My advice on disclosure
It's hard to disclose living on the spectrum. Not everyone understands autism and some people can be unsure what it means, especially employers. I used to disclose it to potential employers during an interview or a cold call, and sadly every time I didn’t get a job.
When I disclosed it to my last employer he ended up using it against me, making it seem like I was making excuses when I was actually going through some troublesome times.
When I had the help of a disability service provider, I was able to get help with finding work and also with disclosure. So if there is a message to take from this, it's that when it comes to disclosure, make sure of two things:
1: Don’t think you are all alone in this, there are plenty of people out there who are willing to help you
2: Make sure you think carefully about who and how you will disclose to
Now when it comes to self-advocating, it doesn’t mean you advocate to yourself. Self-advocating is where you basically stand up for your rights as someone on the spectrum. There have been times when I have handled this fairly well.

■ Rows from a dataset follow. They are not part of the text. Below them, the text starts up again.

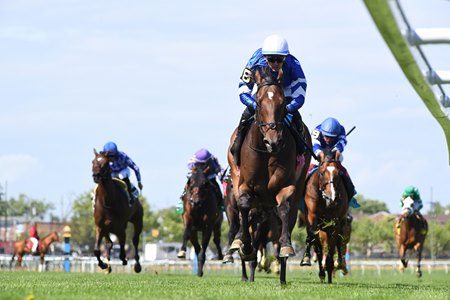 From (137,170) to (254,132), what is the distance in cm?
1344

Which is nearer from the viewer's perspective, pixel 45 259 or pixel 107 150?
pixel 107 150

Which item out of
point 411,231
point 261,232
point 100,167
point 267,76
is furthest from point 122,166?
point 267,76

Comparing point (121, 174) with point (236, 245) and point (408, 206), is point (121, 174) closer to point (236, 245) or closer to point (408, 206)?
point (408, 206)

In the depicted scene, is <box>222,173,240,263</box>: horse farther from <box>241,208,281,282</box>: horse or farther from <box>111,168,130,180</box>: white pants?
<box>111,168,130,180</box>: white pants

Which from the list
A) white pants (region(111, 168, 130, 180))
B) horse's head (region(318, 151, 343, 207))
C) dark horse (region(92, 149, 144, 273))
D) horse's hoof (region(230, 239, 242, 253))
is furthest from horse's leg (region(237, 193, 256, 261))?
white pants (region(111, 168, 130, 180))

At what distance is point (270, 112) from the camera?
12719 millimetres

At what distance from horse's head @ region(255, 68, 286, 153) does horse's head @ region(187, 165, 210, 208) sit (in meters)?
12.1

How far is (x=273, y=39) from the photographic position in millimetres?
13797

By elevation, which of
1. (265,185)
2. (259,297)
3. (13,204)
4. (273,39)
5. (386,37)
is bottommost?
(259,297)

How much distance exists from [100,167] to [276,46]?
11031 millimetres

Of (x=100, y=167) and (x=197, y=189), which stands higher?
(x=100, y=167)

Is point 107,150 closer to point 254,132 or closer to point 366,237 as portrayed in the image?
point 254,132

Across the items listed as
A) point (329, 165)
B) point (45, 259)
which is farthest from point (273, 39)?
point (45, 259)

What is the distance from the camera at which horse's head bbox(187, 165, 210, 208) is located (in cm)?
2498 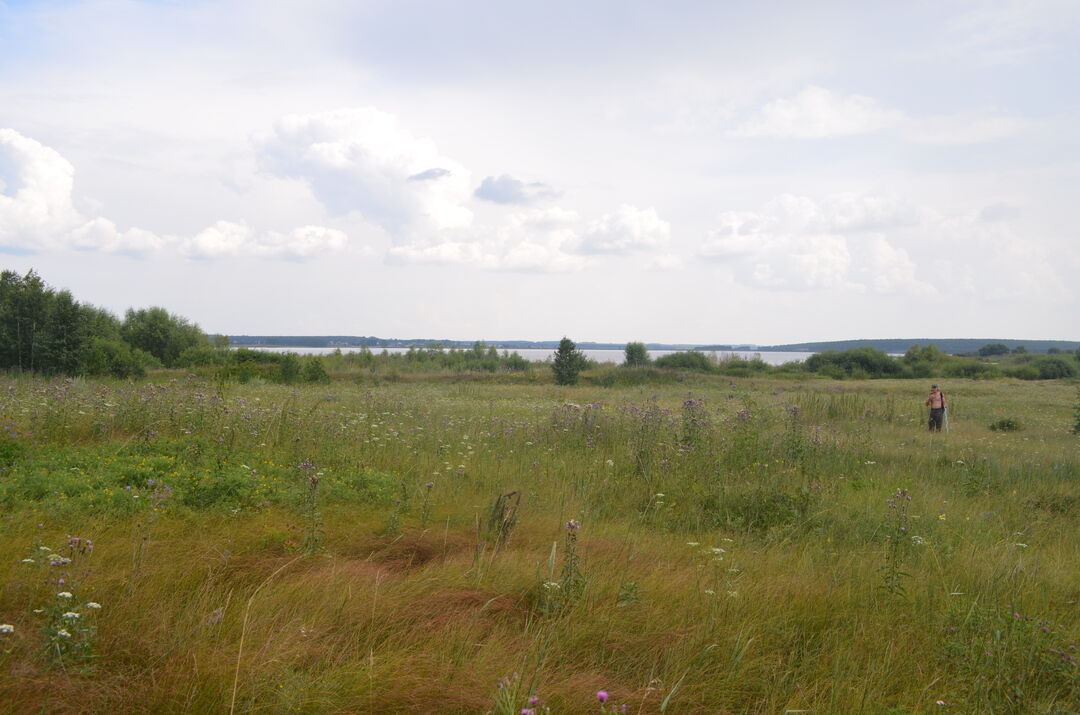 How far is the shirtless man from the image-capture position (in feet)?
51.2

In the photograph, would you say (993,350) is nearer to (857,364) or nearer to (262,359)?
(857,364)

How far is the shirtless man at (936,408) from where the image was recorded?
1562cm

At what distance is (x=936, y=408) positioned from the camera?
51.8 feet

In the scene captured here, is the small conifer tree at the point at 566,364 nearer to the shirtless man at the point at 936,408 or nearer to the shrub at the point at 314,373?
the shrub at the point at 314,373

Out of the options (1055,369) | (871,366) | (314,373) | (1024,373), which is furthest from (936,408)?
(1055,369)

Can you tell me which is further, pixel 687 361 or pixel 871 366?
pixel 871 366

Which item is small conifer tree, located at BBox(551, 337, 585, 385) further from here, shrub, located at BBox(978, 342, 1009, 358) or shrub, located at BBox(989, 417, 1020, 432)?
shrub, located at BBox(978, 342, 1009, 358)

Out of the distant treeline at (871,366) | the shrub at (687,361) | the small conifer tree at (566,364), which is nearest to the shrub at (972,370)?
the distant treeline at (871,366)

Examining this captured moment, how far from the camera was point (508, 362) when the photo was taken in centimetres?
6297

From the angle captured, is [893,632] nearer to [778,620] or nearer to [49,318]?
[778,620]

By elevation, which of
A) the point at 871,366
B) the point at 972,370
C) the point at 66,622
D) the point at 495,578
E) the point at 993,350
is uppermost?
the point at 993,350

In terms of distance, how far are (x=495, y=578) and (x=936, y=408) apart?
15.3 metres

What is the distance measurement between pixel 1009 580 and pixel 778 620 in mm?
2168

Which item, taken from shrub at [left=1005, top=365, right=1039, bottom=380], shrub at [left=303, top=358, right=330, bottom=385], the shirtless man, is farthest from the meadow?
shrub at [left=1005, top=365, right=1039, bottom=380] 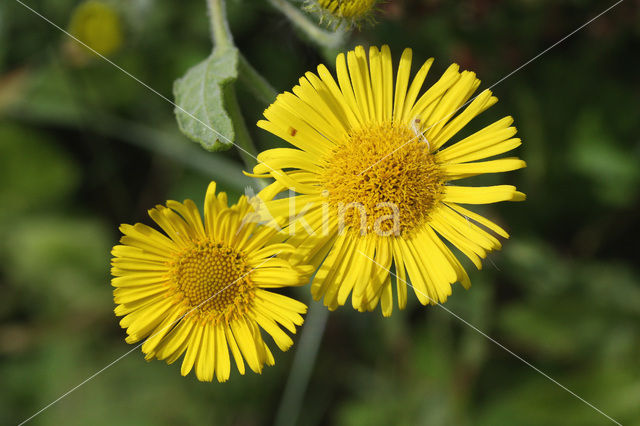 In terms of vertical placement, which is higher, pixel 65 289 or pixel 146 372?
pixel 65 289

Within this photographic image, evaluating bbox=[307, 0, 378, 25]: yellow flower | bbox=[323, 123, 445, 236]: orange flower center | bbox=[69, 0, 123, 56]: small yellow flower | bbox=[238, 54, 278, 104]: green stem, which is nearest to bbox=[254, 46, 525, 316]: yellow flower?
bbox=[323, 123, 445, 236]: orange flower center

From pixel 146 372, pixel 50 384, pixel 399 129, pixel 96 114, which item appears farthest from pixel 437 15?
pixel 50 384

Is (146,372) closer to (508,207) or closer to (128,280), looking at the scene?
(128,280)

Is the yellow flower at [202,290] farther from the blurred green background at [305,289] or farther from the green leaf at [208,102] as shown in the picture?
the blurred green background at [305,289]

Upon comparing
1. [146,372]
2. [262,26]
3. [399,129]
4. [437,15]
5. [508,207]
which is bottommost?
[146,372]

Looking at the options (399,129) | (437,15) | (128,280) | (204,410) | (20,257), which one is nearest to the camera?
(128,280)

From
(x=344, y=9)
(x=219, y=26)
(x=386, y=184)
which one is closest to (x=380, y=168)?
(x=386, y=184)

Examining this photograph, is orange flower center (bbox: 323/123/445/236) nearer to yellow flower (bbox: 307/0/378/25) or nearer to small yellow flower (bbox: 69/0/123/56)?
yellow flower (bbox: 307/0/378/25) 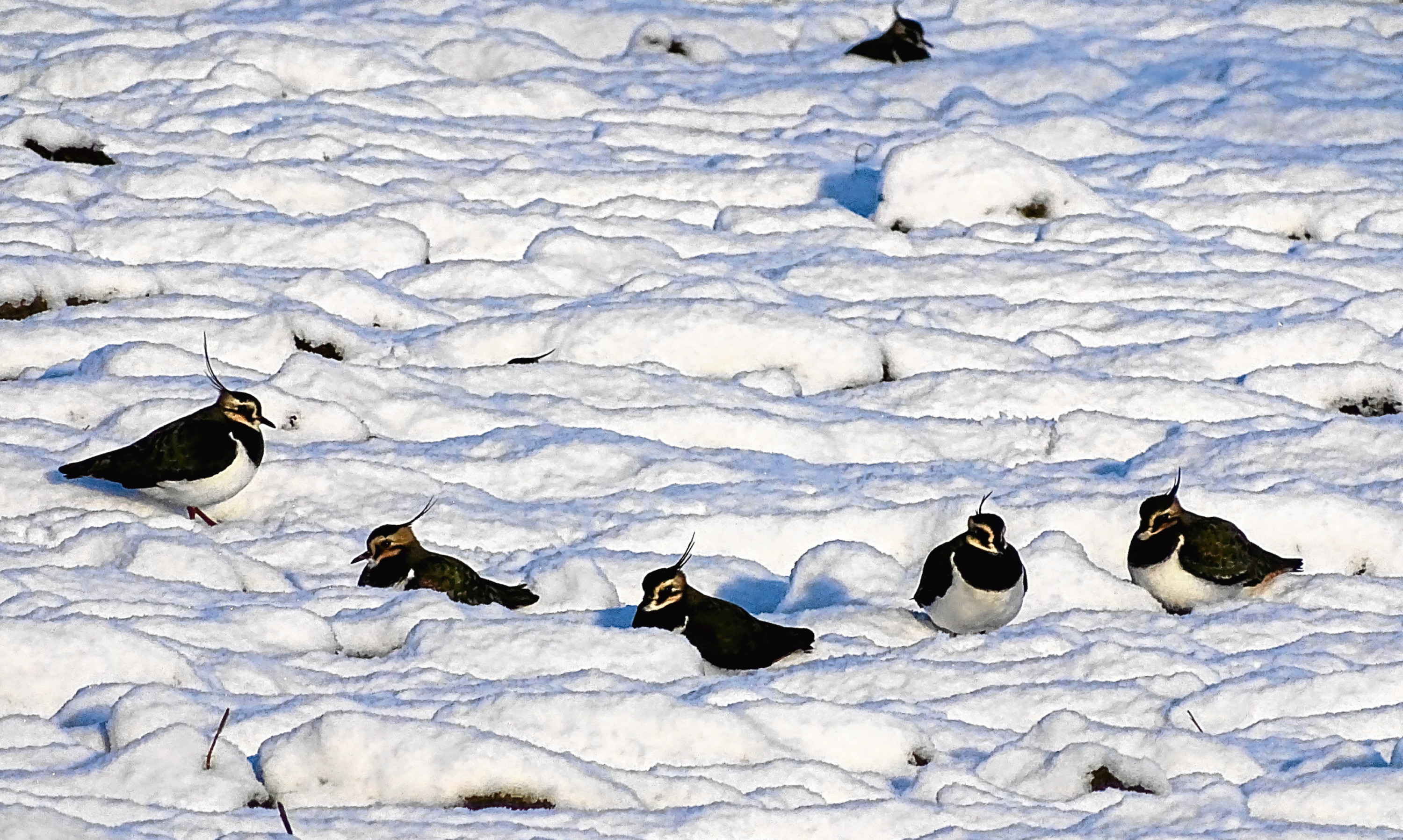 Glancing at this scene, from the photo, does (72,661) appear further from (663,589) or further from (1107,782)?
(1107,782)

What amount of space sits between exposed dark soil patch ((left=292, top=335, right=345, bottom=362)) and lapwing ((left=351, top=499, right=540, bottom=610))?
239 cm

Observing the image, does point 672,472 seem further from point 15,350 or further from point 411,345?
point 15,350

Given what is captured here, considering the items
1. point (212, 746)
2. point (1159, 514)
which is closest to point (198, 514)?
point (212, 746)

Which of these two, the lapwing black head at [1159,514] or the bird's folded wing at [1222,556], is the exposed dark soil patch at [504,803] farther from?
the lapwing black head at [1159,514]

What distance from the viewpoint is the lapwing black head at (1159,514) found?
686cm

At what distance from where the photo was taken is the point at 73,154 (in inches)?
435

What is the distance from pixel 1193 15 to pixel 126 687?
11.8 metres

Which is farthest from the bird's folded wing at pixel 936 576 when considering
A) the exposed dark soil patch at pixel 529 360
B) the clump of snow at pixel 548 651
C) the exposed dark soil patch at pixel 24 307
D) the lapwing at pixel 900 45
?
the lapwing at pixel 900 45

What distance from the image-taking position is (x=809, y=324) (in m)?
9.04

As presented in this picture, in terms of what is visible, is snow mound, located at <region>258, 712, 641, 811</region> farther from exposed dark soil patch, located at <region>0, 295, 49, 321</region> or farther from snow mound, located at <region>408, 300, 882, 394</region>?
exposed dark soil patch, located at <region>0, 295, 49, 321</region>

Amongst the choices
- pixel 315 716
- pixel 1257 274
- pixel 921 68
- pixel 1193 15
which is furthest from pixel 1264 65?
pixel 315 716

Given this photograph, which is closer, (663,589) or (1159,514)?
(663,589)

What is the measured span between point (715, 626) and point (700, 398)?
258cm

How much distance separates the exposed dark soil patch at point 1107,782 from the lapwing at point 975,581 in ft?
4.33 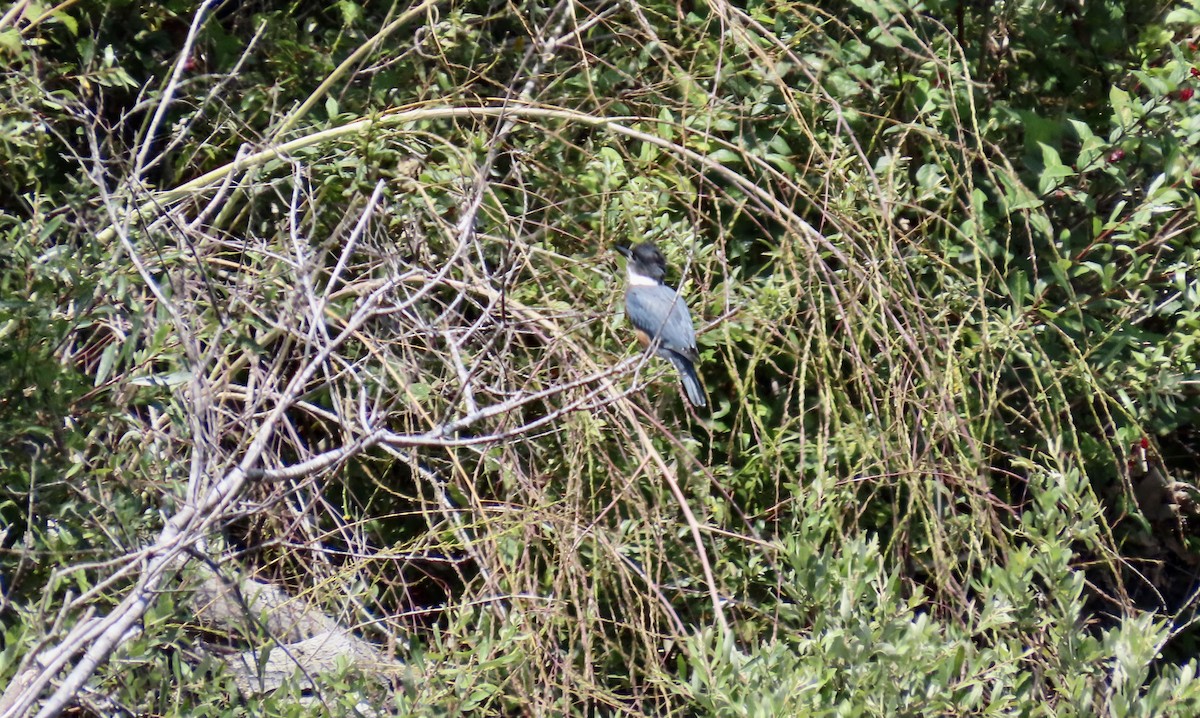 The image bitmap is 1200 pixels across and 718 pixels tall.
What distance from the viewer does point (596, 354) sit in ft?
9.91

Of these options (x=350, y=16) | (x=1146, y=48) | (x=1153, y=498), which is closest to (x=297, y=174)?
(x=350, y=16)

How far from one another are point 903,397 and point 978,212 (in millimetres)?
839

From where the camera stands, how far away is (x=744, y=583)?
310 cm

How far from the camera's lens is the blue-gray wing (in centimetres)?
326

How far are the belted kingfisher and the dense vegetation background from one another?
2.6 inches

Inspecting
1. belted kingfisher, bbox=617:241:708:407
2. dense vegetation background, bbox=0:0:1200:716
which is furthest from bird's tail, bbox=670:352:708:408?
dense vegetation background, bbox=0:0:1200:716

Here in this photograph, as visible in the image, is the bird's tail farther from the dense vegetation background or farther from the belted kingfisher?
the dense vegetation background

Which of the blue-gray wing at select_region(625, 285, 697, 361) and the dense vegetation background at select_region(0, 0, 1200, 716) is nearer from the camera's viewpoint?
the dense vegetation background at select_region(0, 0, 1200, 716)

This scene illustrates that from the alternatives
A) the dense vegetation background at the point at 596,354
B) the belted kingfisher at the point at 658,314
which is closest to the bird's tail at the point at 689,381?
the belted kingfisher at the point at 658,314

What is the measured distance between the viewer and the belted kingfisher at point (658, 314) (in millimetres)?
3273

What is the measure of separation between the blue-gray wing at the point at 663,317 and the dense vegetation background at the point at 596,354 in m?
0.06

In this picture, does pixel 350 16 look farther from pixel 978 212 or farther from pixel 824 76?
pixel 978 212

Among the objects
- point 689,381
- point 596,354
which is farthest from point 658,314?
point 596,354

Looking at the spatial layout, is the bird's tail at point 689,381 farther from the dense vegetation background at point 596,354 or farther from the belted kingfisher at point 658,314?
the dense vegetation background at point 596,354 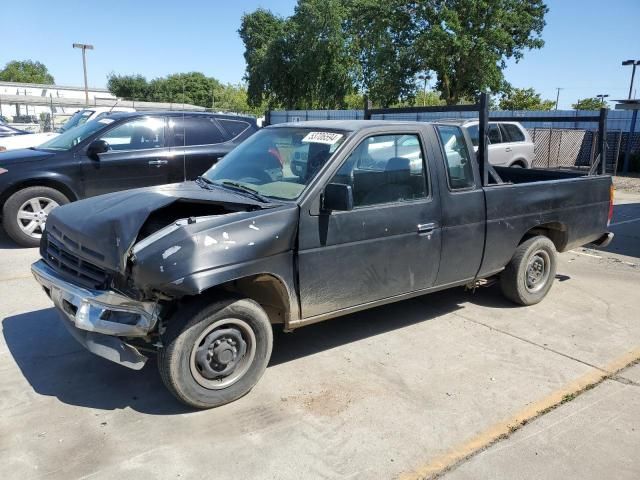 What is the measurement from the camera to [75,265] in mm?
3650

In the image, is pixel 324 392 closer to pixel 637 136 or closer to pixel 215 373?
pixel 215 373

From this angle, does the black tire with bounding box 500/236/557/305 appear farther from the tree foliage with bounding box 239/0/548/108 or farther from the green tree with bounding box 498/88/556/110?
the green tree with bounding box 498/88/556/110

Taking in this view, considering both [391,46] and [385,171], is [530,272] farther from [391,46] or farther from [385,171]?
[391,46]

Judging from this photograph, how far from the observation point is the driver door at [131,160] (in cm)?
781

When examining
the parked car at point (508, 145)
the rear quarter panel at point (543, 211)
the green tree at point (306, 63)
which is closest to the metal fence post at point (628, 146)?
the parked car at point (508, 145)

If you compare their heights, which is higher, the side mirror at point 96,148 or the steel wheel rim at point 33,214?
the side mirror at point 96,148

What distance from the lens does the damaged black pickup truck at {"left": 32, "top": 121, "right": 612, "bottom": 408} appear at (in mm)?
3275

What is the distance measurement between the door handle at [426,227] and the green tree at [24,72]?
408ft

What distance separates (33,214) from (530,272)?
6.43 metres

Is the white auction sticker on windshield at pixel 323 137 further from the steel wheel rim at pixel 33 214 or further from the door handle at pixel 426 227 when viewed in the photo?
the steel wheel rim at pixel 33 214

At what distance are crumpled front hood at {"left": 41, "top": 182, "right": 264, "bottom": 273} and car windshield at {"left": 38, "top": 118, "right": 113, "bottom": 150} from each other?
14.2 ft

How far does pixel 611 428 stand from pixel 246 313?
243 cm

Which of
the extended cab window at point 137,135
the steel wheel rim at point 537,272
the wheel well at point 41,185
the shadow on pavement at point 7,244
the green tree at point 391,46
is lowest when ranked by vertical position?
the shadow on pavement at point 7,244

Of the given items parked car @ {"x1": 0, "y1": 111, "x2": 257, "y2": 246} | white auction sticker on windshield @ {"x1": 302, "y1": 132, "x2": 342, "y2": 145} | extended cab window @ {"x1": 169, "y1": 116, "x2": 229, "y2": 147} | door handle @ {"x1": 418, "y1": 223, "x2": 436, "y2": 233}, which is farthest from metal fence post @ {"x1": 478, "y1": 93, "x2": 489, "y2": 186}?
extended cab window @ {"x1": 169, "y1": 116, "x2": 229, "y2": 147} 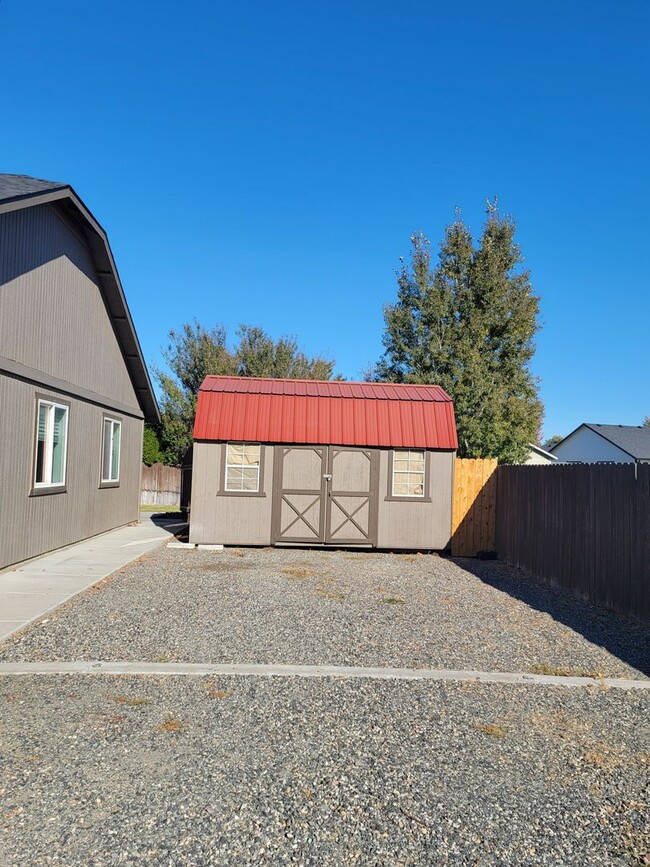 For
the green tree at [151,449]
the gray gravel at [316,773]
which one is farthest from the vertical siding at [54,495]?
the green tree at [151,449]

I remember when I have met a few friends, I have had to advocate for myself, when things were getting too much. For instance, I was being made fun of in my Dungeons and Dragons game. I will admit I was making some silly mistakes, but they were partially due to everyone saying things at once.
I was about to get peeved when I realised what I needed to do. I asked people if they could just take a step back and reminded them that I was on the spectrum and that I made mistakes. Everything ran much smoother after that.